- _SUPPLIED ENTRIES_

━━━━━━

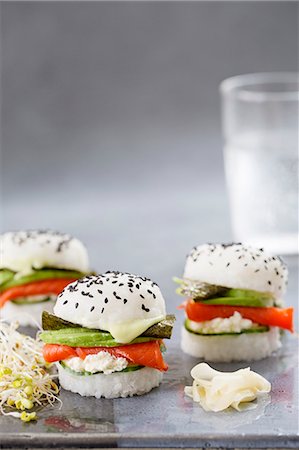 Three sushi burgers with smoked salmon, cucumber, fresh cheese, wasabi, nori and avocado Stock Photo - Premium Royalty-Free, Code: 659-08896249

━━━━━━

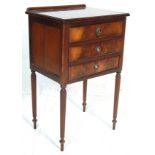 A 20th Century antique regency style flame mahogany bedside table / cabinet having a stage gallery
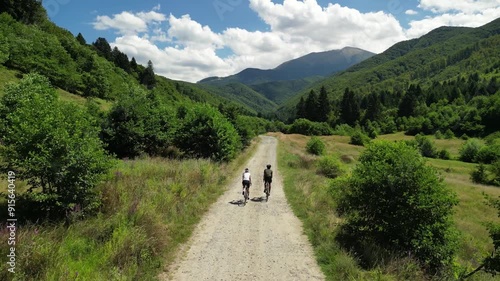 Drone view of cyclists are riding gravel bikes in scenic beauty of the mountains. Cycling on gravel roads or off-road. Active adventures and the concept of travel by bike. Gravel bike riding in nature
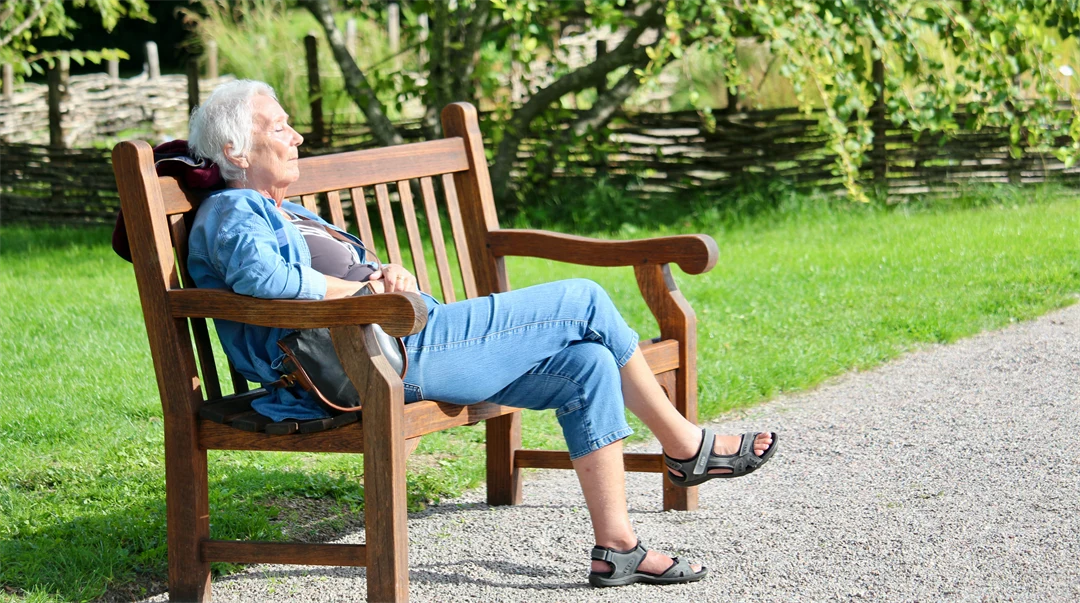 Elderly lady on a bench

━━━━━━

- _PROMPT_
Copy exactly the part of the material above that opens with the line containing "Drone view of" and closes with the line containing "Elderly lady on a bench", ends included. Drop the images.

- _ANSWER TO THIS PROBLEM_
 Drone view of cyclists are riding gravel bikes in scenic beauty of the mountains. Cycling on gravel roads or off-road. Active adventures and the concept of travel by bike. Gravel bike riding in nature
 Elderly lady on a bench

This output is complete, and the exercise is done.